With luxury department and specialty stores and garment lofts all migrating north, on or just off of Fifth Avenue, above 34th Street, conflict was inevitable. The store owners feared their customers would be scared away by the noontime congestion of male garment workers, just as they had been on the Ladies Mile. As a result, in 1916, the Fifth Avenue Association, an organization of property owners and retailers, threatened to boycott any manufacturer located in a "restricted zone" between Third and Seventh Avenues, and 33rd to 59th Streets.
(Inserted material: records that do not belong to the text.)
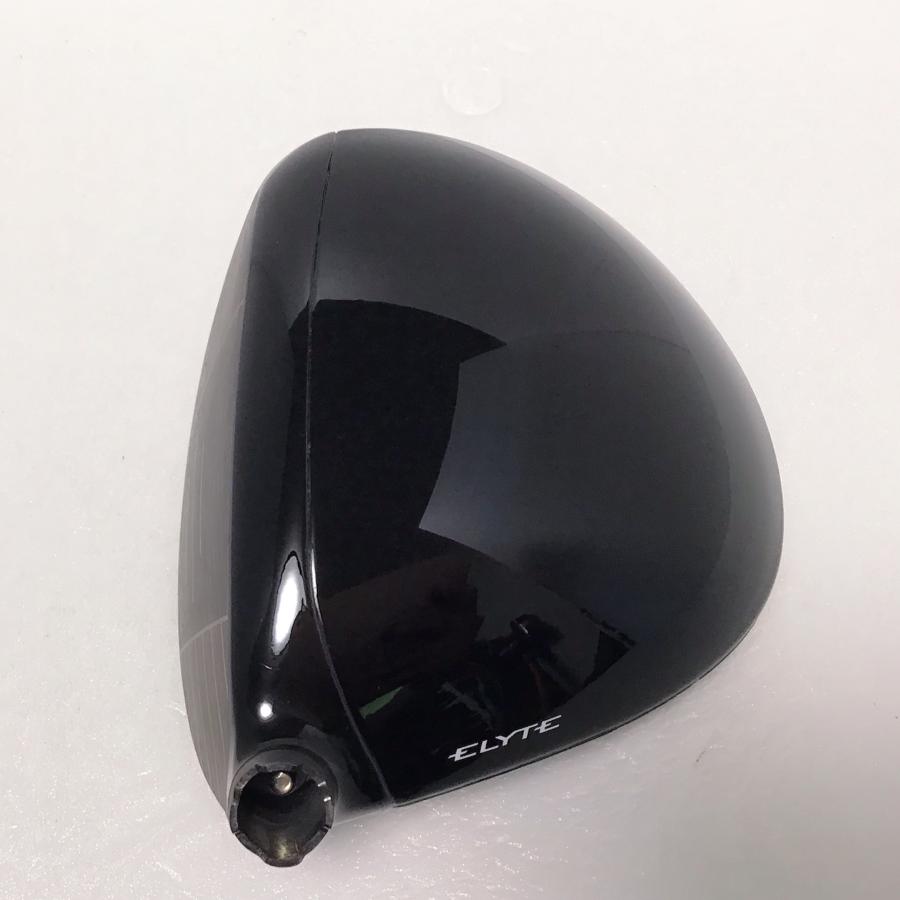 エリート　ツアードロー　ELYTE TD 10.5°　日本仕様　ヘッド | ELYTE | 01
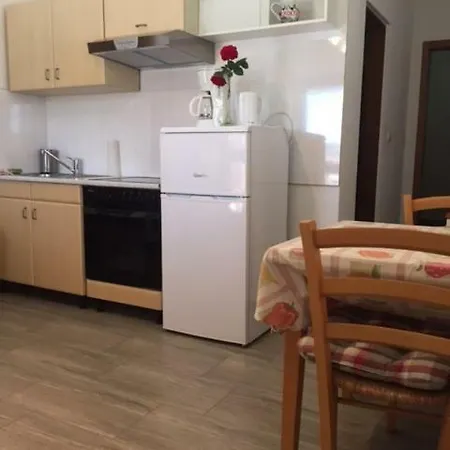 Lukas Apartment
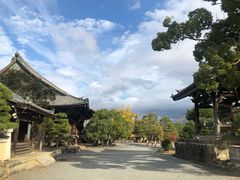 -清凉寺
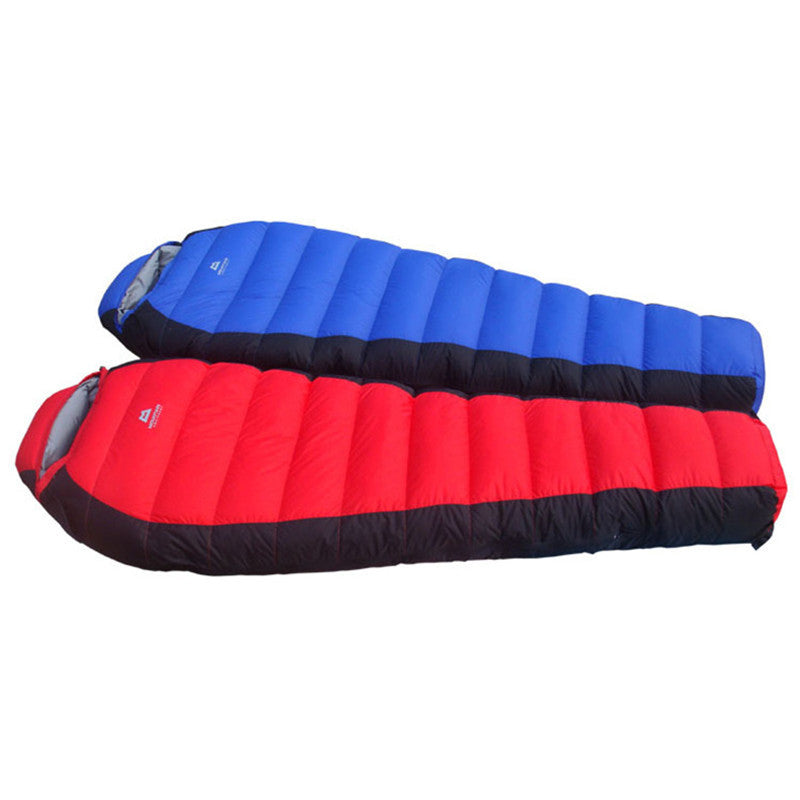 Desert Fox Down Sleeping Bag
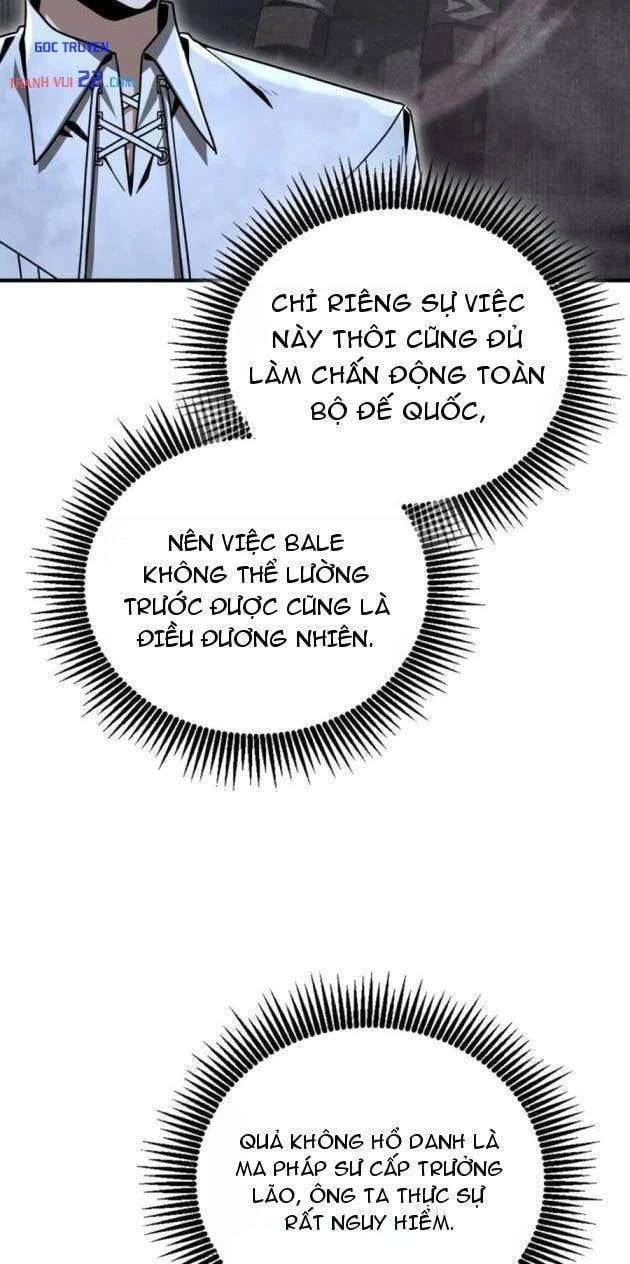 Thiên Tài Huyền Thoại Nhà Công Tước Chapter 46 - 21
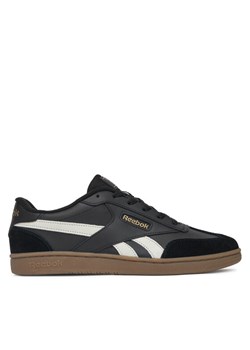 Reebok Sneakersy FORTE LOUNGER AR30252MBCY Czarny - id: 5903419836084 - marki Reebok - 182723633 Reebok Sneakersy FORTE LOUNGER AR30252MBCY Czarny ze sklepu MODIVO w kategorii Buty sportowe męskie - zdjęcie 182723633
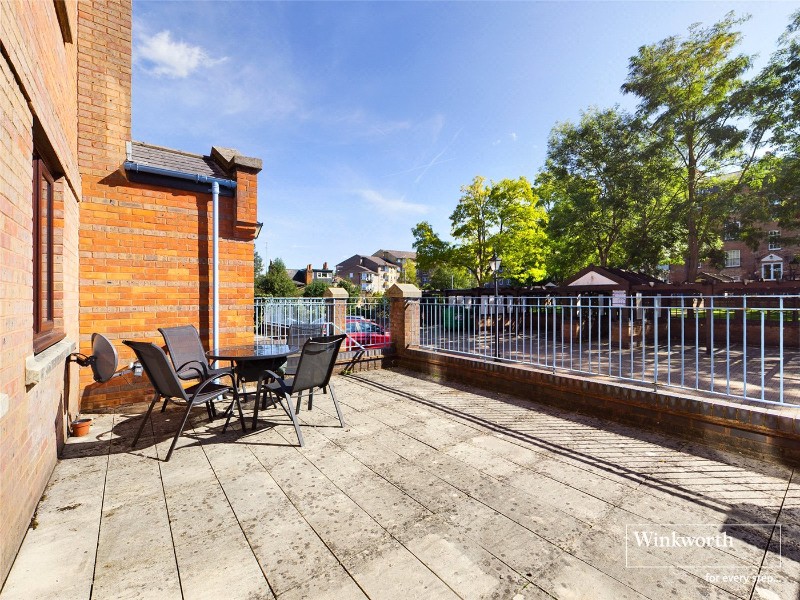 Greys Court, Sidmouth Street, Reading, Berkshire, RG1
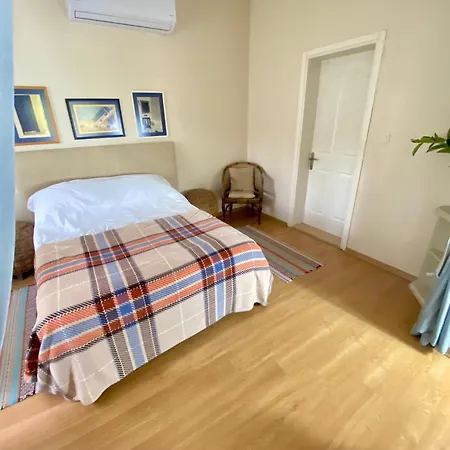 Sunyear 2 Guest house Urla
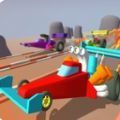 飙车赛游戏红包版（Dragster Race） v1.2.0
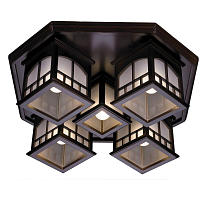 Купить Потолочная люстра Velante 513-727-05 в Туле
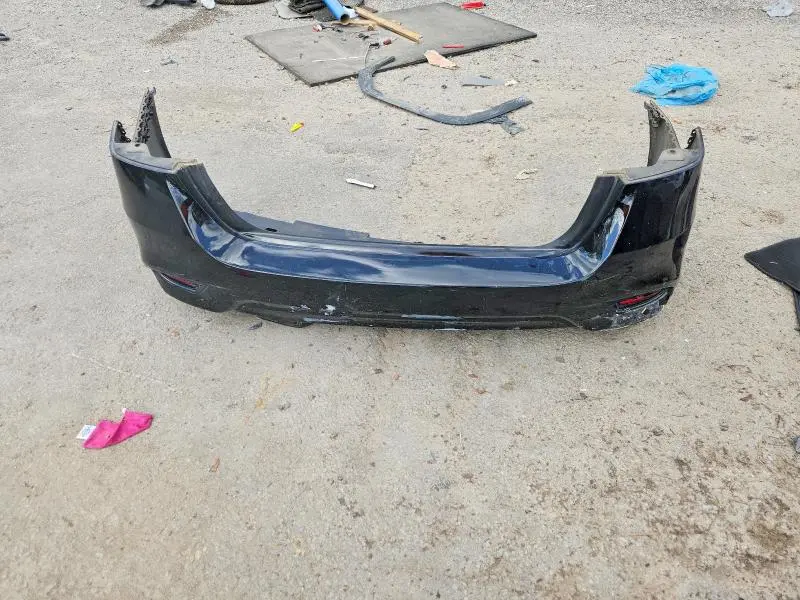 2017 NISSAN SENTRA SR  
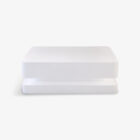 Mesa de Centro Sobreposta Mesa de Centro Sobreposta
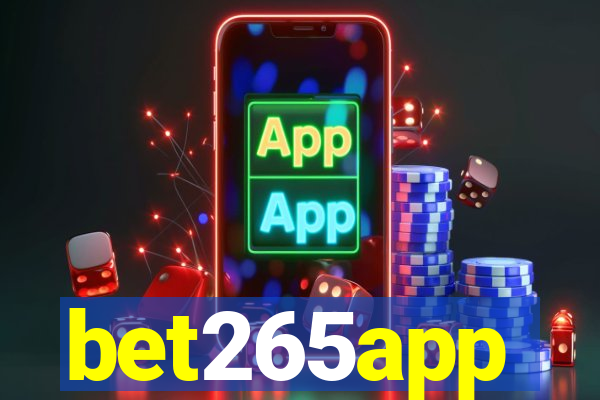 bet265app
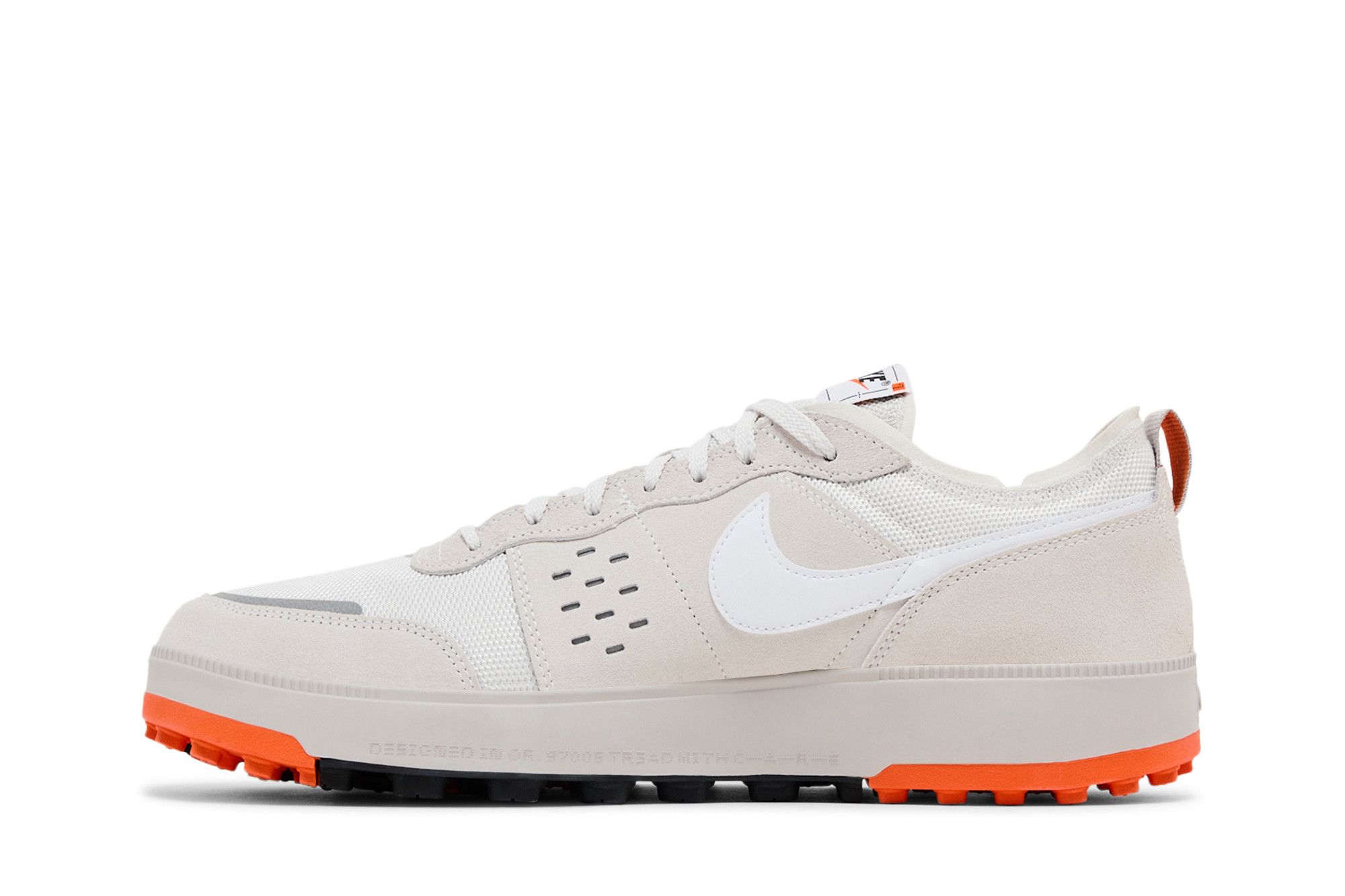 Lookbook ナイキ C1TY「セーフティコーン」 FZ3863-004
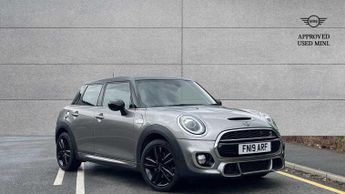 MINI Hatch Cooper Sport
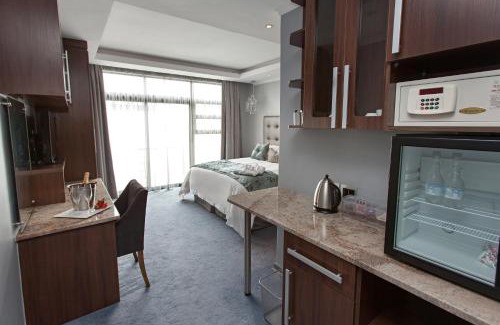 Moreleta Park Hotel | Blue Diamond Boutique Hotel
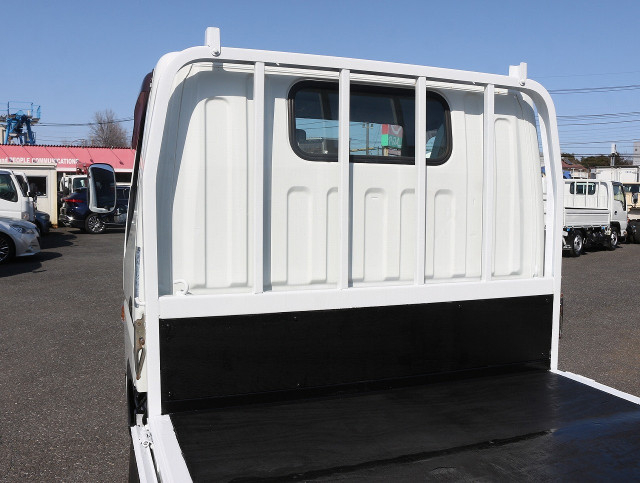 三菱ふそう キャンター 小型 平ボディ TKG-FBA20(101529) 26枚目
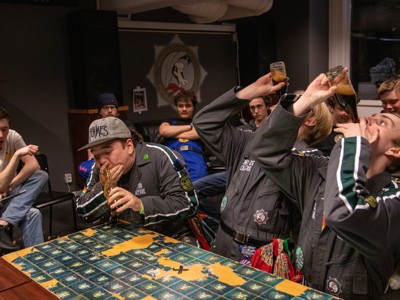 Bild från "Julmuzthäfv"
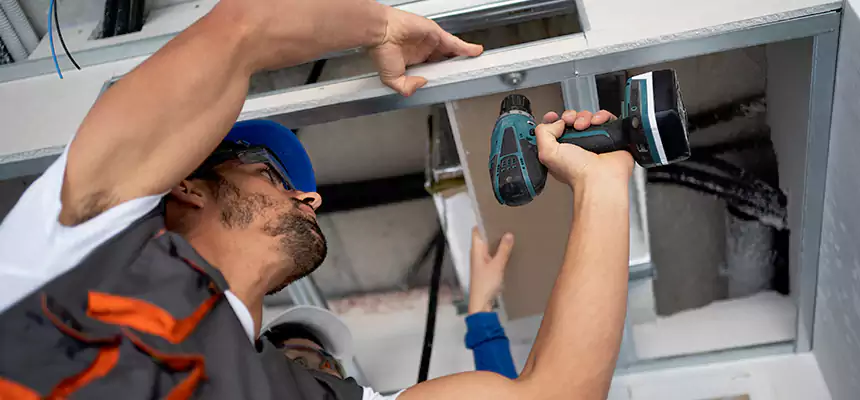 Our Retail Store Duct Cleaning Services in Huntington Park, CA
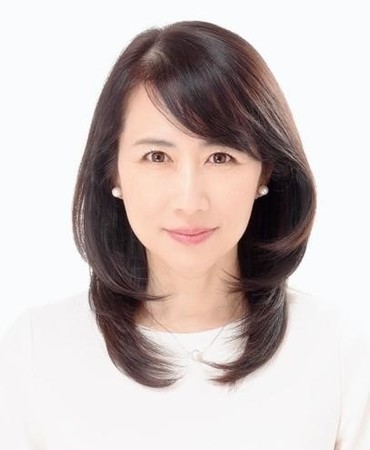 堀井美香アナウンサー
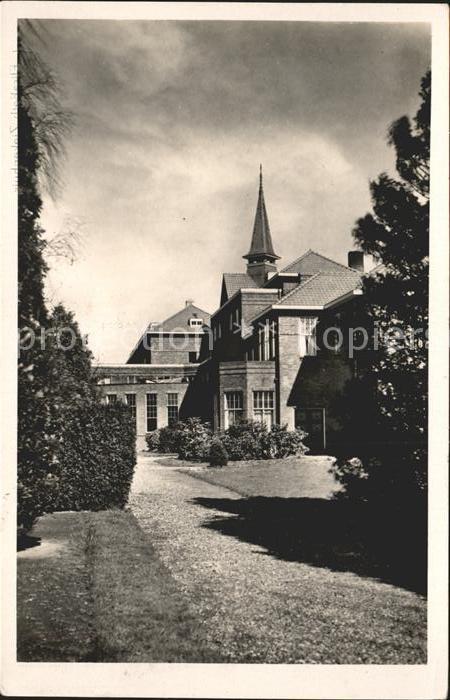 Tilburg St. Elisabeth Ziekenhuis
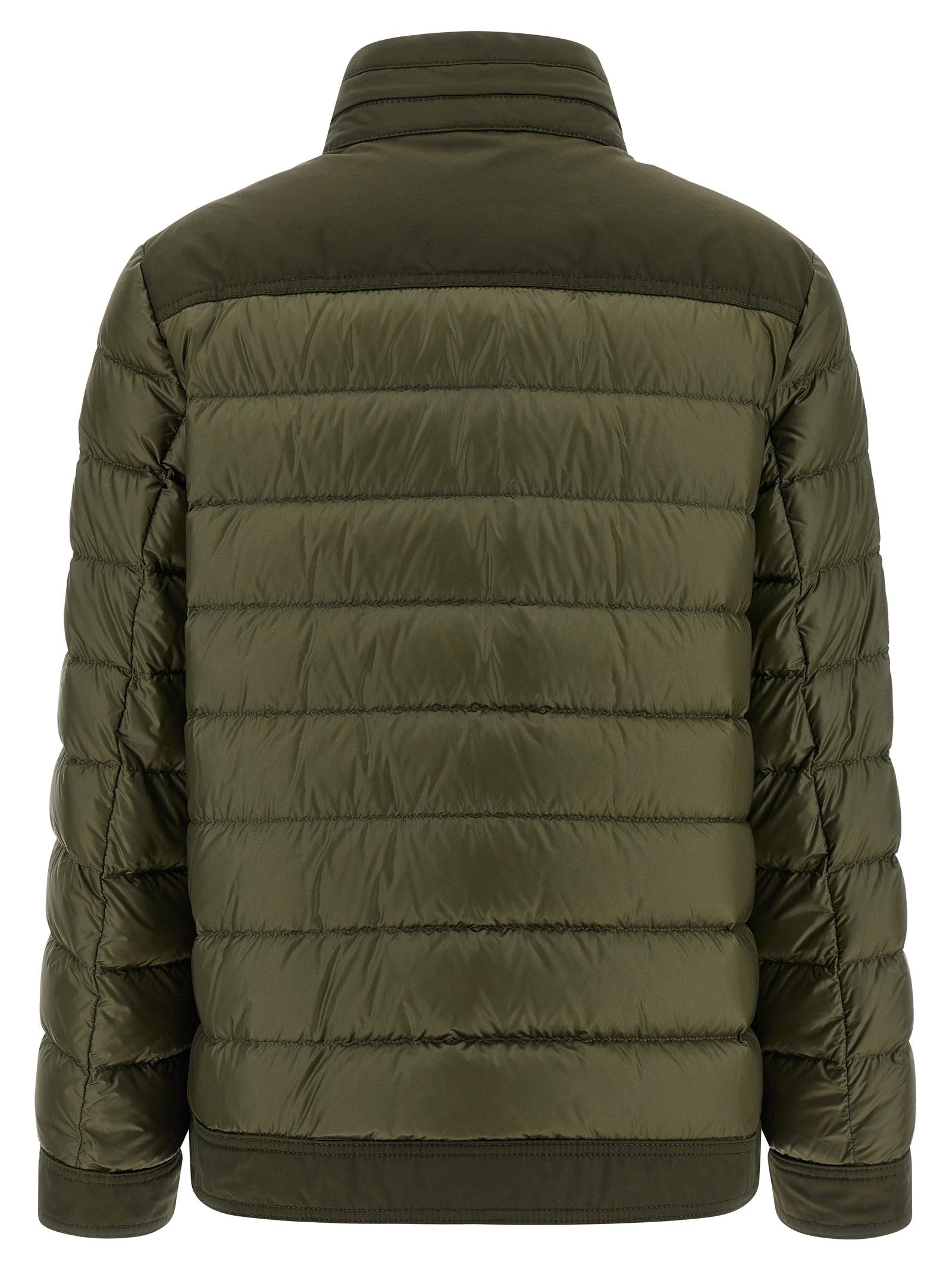Moncler - nan - Green - Jacket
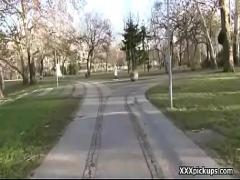 XXX pornography category teen (314 sec). Public Pickup Girl Seduces Tourist For Cash 15.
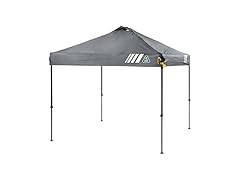 GCI Outdoor LevrUp Pop Up Canopy Tent, 8x8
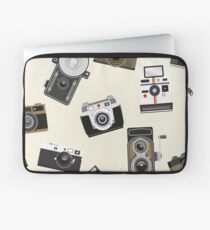 Photographer Laptop Sleeve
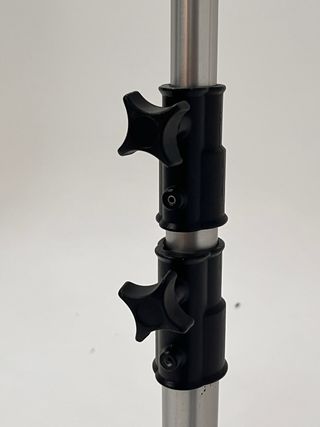 Tripodes Manfrotto 1004 - Pack disponible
On March 5, 1916, New York newspapers published full-page advertisements paid for by the Fifth Avenue Association: "SHALL WE SAVE NEW YORK?: A Vital Question To Every One Who Has Pride In This Great City." The advertisement was signed by the major retail stores, as well as by banks, hotels, specialty stores, and prominent landowners. The manufacturers soon acquiesced to the committee's demands. In truth, few had much to lose by moving out of these new lofts where rents were high, and relocation would be easy, since sewing machines and other equipment were portable.

But where to move? There was insufficient modern industrial space south of 33rd Street. Some broached moving the industry out of Manhattan. But garment manufacturers needed to be in the city, close to the department stores that purchased their wares, to the train terminals that brought buyers from across the country to their showrooms, and to transit lines used by workers on their daily commutes. Pressure to move out of the restricted zone mounted after World War I. Finally, in December 1919, the New York Times announced that "the establishment of a new center for the cloak and suit trade of New York has been definitely decided upon."